Perhaps the team cannot politically take any public position about the surrounding infrastructure. Again, the public relations folks have to take the bull by the horns, in a manner of speaking, and just tell us what the plan is. If the plan is nothing, then say that. Admit the failure and let's move on; but vagueness continues to be the order of the day and it is frustrating for those of us who do not use matchday as an opportunity for a drunken blackout.

The most infuriating conversation I have ever had with the front office, was being told that RBA is an urban stadium and should be accessed by public transportation.

RBA is not in an urban setting, it is in an industrial wasteland. It is commendable to reclaim industrial wasteland and use it for civilization; but that acreage of Harrison is not urban. The Grand Concourse, in The Bronx, is urban and is surrounded by urban infrastructure. Yankee Stadium is an urban stadium. RBA is in the middle of nowhere.

If my business is in an urban setting, my employees should be taking public transportation to work. RBNY has plenty of parking for employees in their allegedly urban setting, which flies in the face of the notion that it is an urban setting. RBA is not an urban stadium. Citifield, Madison Square Garden, Prudential Center, Yankee Stadium -- these are urban stadia; RBA is in a remote location.
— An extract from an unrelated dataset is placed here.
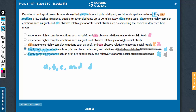Let's confirm answer choice B now. 'Decades of zoological research has shown that elephants are highly intelligent, social, and capable creatures.' Then the main part of the sentence starts: they, as in the elephants, can produce something, use something, experience certain emotions such as grief — 'can experience highly complex emotions such as grief' — and 'observe relatively elaborate social rituals such as whatever follows.' Answer choice B makes complete sense. Yes, this is our choice here.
Now, for those of us who actually live in New Jersey, public transportation isn't really an option. Let's say I live in Ho-Ho-Kus or Ridgewood. It's Saturday, I've decided to see a soccer match, and I am going to pay attention to the team's suggestion that RBA is an urban stadium and even though I am a suburbanite (like almost everyone in New Jersey), I will take public transportation.

I get the wife and two kids into the car to start the 25 mile trip to Harrison. I drive to Ho-Ho-Kus train station for the 1724 Train toward Hoboken at 5:29 P.M. Then I switch at Secaucus for the 7265 Train toward Long Branch at 6:25 P.M. Then I switch at Newark Penn Station for the 6:30 P.M. PATH train to Harrison, arriving at 6:32 P.M. Our total cost for the sixty-two minute, three-train, one-way trip is $34.50. Add three bucks for parking back home, and the round-trip, six train, two car ride, 2.5 hour round-trip commute that ends after midnight costs $72.00! I haven't purchased tickets yet.

The existing PATH station cannot handle current attendance levels. If we add seven thousand more fans, and ask them to take the PATH because we have no parking, they are in the same jam: insufficient resources to handle the increase in traffic.

Of course, nobody is going to use public transportation to get their family from Ho-Ho-Kus to Harrison, they are going to drive and the parking costs ten bucks; but, the stadium doesn't have any parking.

This brings us to another story. A recurring story. I have had this conversation at least five times in these two seasons, which means it must have happened to at least fifty families, if not five hundred. I have not had the conversation recently, but this particular parking nightmare doesn't happen at current attendance levels. Once Mr. Heck adds 7,000 fans to the stadium, this story becomes real again.

You arrive in Harrison about thirty minutes before kick-off - enough time to walk the length or breadth of Harrison. The officials charged with directing traffic through a maze of Nintendo-like pathways to parking lots seem to be either (1) clueless as to their objective, or (2) directing drivers to the parking lot that has paid them the biggest gratuity for the business (and is furthest from the stadium). This fiasco eats-up all of the half-hour, and you have not yet parked the car.

You get the kids out of the car and start the long, half-mile trek; but as you approach RBA, you are not allowed to cross Rodgers Boulevard at a logical place, you are forced to walk an extra eighth-mile, then and down the long vacant street that bisects the 24 acres of desolation fronting RBA, and you are now at the "front door."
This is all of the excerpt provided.